Alternatively, you can use EFS whcih is not zone specific, but also not suitable for all kinds of workloads
is “node pool” the same as “node group”?
i do have efs already setup, but it’s not the default storage class. maybe i’ll try that
In our refarch, here’s our component https://github.com/cloudposse/terraform-aws-components/tree/23f29ccd8727cc1fbe8f19ab6b3b71dd37316a00/modules/eks/storage-class
Wouldn’t Karpenter be a good solution to working around this? You would just need a tiny node that is running anywhere to host the karpenter controller pod, then you can instruct Karpenter to only provision in a preferred AZ?
I’ve never used Karpenter, so I don’t really know?
@Jeremy G (Cloud Posse)
A few things here:
“Node Group” is an EKS term. As I understand it, it is defined as a collection of nodes sharing a single autoscaling group (ASG) and launch template (LT).
“Node Pool” is a Karpenter term, effectively the same kind of thing, but using Karpenter to launch nodes, rather than ASGs and LTs.
If you create an ASG that spans multiple Availability Zones (AZs), the K8s cluster autoscaler (or any autoscaler) does not have control over which AZ a new EC2 instance will be added to when the ASG scales up. At some point, the EC2 Autoscaler may see that there is a big imbalance and try to fix it by bringing up instances in one AZ and shutting them down in another, but again there is no way to proactively direct this.
Our eks/cluster component handles availability zone balance by creating one managed node group (MNG) per AZ. The K8s cluster autoscaler understands this configuration, and will keep the MNGs in balance across the AZs.
Furthermore, Kubernetes, the K8s cluster autoscaler, and Karpenter all understand that EBS-backed PVs are tied to a “topology zone” (generic term for what in AWS is an AZ), and will only schedule a Pod into the same zone as its PVC targets.

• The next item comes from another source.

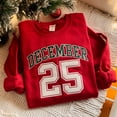thumbnail image 1 of Embroidered Retro Christmas Sweatshirt, December 25 Shirt, Holiday Clothing, Womens Christmas Shirts, Christmas Crewneck, Christmas Gift, 1 of 5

If there is not enough capacity in the zone with the PVC, K8s need to add a new Node in that AZ. Karpenter can always do this. The best the K8s cluster autoscaler can do is increase the desired capacity of an ASG. If the ASG is only in the target AZ, then it is guaranteed success, but if the ASG spans AZs, then scaling up the ASG may or may not increase capacity in the target zone, in which case I think the K8s cluster autoscaler just gives up.
EFS-backed EBS volumes solve the AZ problem, but at cost of 3x the $/MB price and severely limited IO bandwidth and IOPS limits. It’s appropriate for sharing configuration data and small amounts of logging. It gets overwhelmed by storing Prometheus’ scraped metrics unless you pay (dearly) for extra bandwidth.
The short answer, @loren, is that if you only intend to run one Node and you want a Persistent Volume, restrict your ASG to one AZ and use a gp3
EBS volume for your PV.
Configure Karpenter with NodePools
Thanks for that Jeremy! I’ll need to refactor things a fair bit to scale out the node group per az. Still working out some EFS issues on destroy, where the namespace gets locked up because the associated PVC has a claim but (I think) the access points got destroyed before the namespace, so K8S fails to remove the finalizers. Good times. Love K8S so so much.
i don’t think i ever would have thought about a node group per az, but what a difference! replacing updates on node groups now down to ~8min vs >40min! thanks again!